No hay mejor espejo que las jaulas a las que somos propensos. Algunos carteles denotan la profesión del creador de esta prisión azul, en especial uno que subsiste furtivo entre los muñecos y citas célebres cuyo título reza: “COMO APRENDI A SER MAESTRO”.  Las referencias bíblicas también están presentes, lo cual no sorprende en una colonia tan conservadora como lo es la Educación. Lo sorprendente es el humor, inevitablemente del mismo tono que el de la mugre de la jaula, con el que la yuxtaposición de los carteles y juguetes replantean conceptos estipulados. Por ejemplo, en el caso del arca de Noé, una figura de Jesús comparte espacio con un He-Man sin brazos, una nave espacial y un muñeco de Mickey Mouse bajo el lema “¡Sonríe y cuídate! Que todos vamos en el mismo barco”.

La única manera que hay de leer con detenimiento cada frase de la jaula es entrando en ella. Si el timbrazo bajo el número 2015 no funciona, sólo queda meter las manos entre las rejas bajo la vigilancia alerta del “Murciélago”, piedra volcánica producto de la erupción del Xitle hace 2040 años.
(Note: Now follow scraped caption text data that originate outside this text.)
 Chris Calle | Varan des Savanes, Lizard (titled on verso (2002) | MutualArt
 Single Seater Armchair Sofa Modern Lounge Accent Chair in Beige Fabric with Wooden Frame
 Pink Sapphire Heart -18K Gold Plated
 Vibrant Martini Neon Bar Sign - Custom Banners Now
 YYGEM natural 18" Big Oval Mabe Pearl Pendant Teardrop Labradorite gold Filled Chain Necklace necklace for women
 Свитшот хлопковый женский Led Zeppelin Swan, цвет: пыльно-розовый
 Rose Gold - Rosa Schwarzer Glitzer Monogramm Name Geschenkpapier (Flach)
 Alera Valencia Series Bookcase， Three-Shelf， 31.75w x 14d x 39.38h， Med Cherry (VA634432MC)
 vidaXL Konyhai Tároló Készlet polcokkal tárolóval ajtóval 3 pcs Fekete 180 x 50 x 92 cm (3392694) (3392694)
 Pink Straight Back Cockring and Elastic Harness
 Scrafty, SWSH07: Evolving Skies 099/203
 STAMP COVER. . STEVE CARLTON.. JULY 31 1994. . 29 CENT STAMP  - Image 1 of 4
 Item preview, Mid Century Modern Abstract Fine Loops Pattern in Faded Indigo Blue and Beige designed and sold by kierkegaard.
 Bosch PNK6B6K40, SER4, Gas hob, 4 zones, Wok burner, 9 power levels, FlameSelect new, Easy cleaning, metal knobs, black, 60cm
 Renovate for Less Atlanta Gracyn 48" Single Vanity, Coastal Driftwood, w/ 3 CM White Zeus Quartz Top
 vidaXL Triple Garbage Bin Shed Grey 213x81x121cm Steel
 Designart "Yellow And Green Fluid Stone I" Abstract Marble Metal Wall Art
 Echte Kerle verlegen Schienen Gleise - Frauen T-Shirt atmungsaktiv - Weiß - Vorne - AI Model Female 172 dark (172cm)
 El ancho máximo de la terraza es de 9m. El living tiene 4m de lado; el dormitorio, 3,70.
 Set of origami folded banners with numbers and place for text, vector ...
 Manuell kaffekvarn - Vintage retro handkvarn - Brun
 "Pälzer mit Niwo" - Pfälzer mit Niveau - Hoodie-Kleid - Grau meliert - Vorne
¿En dónde se encuentra la felicidad? Pregunta implícitamente un cartel en respuesta a una cita célebre de Tolstoi. El muñeco más cercano a la salida, al número 2015, parece mirar con nostalgia la salida, apartado del mundo dentro de la jaula azul. Como si salir de aquella celda no significara entrar en otra. Sin embargo, los ojos del muñeco, al igual que el poema de Pizarnik, agitan pañuelos en la noche y barcos sedientos de realidad bailan con ellos. Sus labios adosados eximen la necesidad de otro cartel, puesto que entre ellos habita una resonancia:

“Afuera hay sol. / Yo me visto de cenizas“.